*Problem details*: Transcribe these records exactly, dropping every picture.

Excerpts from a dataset

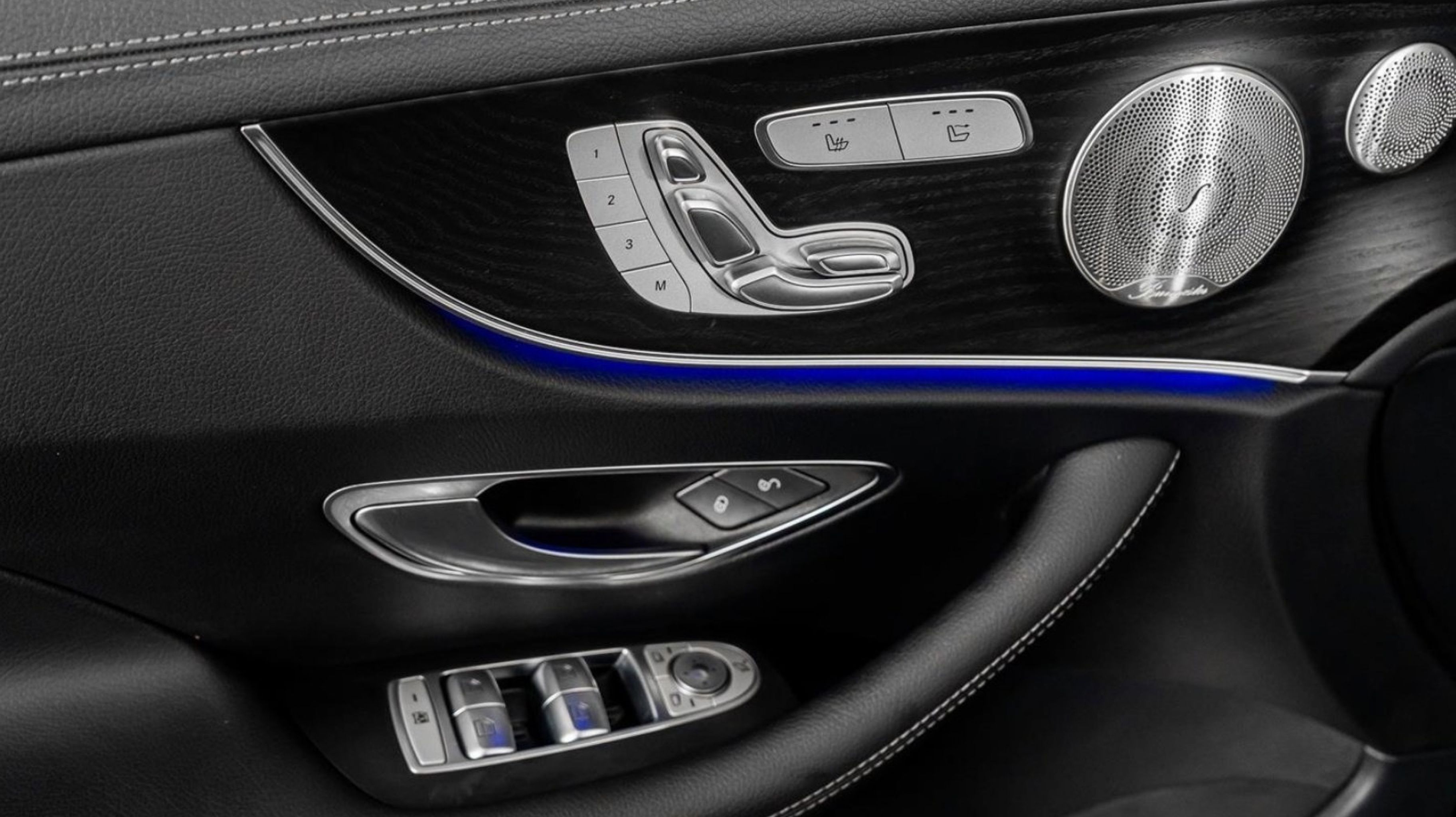 2023 Mercedes-Benz E-Class E450 - Photo 44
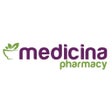 Icoon van programma: Medicina Pharmacy
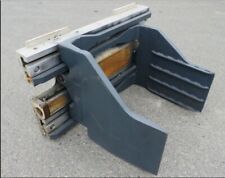 Cascade forklift box for sale  Las Vegas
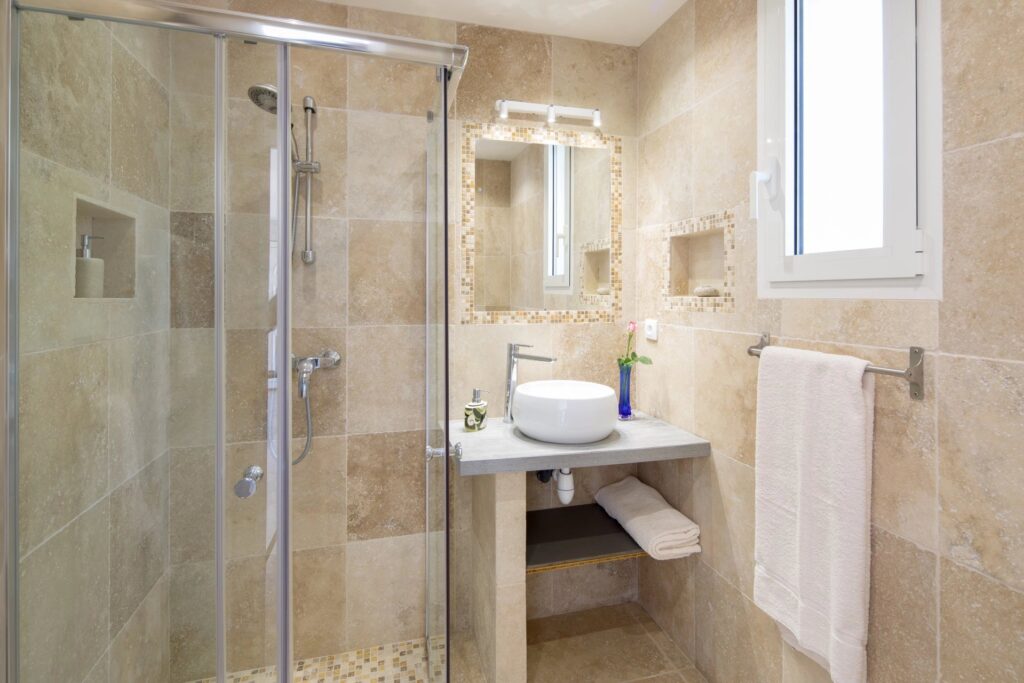 644aba89b0c93b59c3a0477ecf0dbf10_15ea8014e3_1920-original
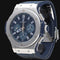 Montre Hublot Montre Big Bang 44Mm 58 Facettes MT43539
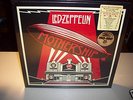 Led Zeppelin-Mothership 4 LP Box Set 180 Gram NEW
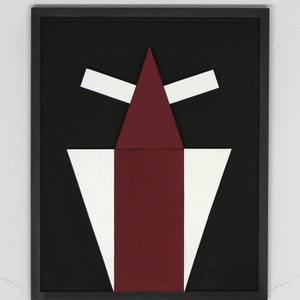 Collection 100 Years of Bauhaus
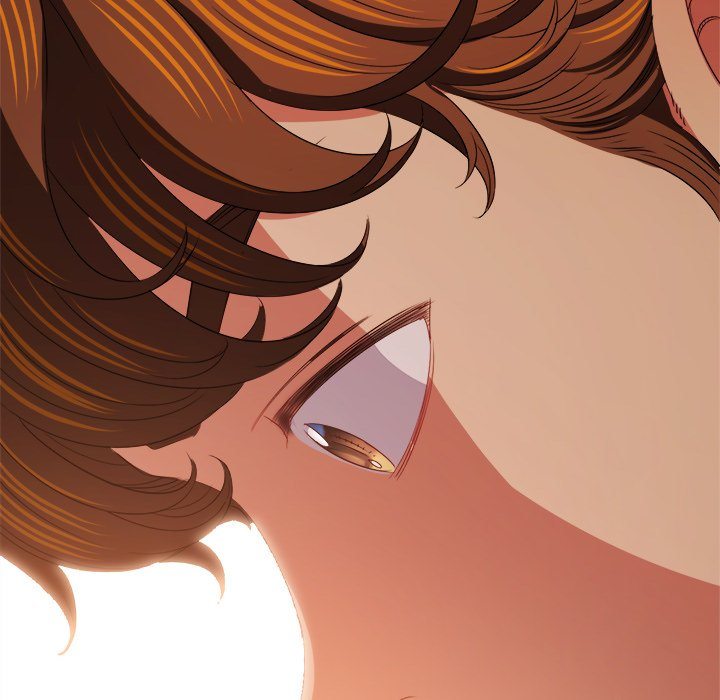 Page 177 of Chapter 227: My High School Bully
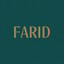Avatar de Farid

*Answer space*:
 2023 Mercedes-Benz E-Class E450 - Photo 44
 Icoon van programma: Medicina Pharmacy
 Cascade forklift box for sale  Las Vegas
 644aba89b0c93b59c3a0477ecf0dbf10_15ea8014e3_1920-original
 Montre Hublot Montre Big Bang 44Mm 58 Facettes MT43539
 Led Zeppelin-Mothership 4 LP Box Set 180 Gram NEW
 Collection 100 Years of Bauhaus
 Page 177 of Chapter 227: My High School Bully
Avatar de Farid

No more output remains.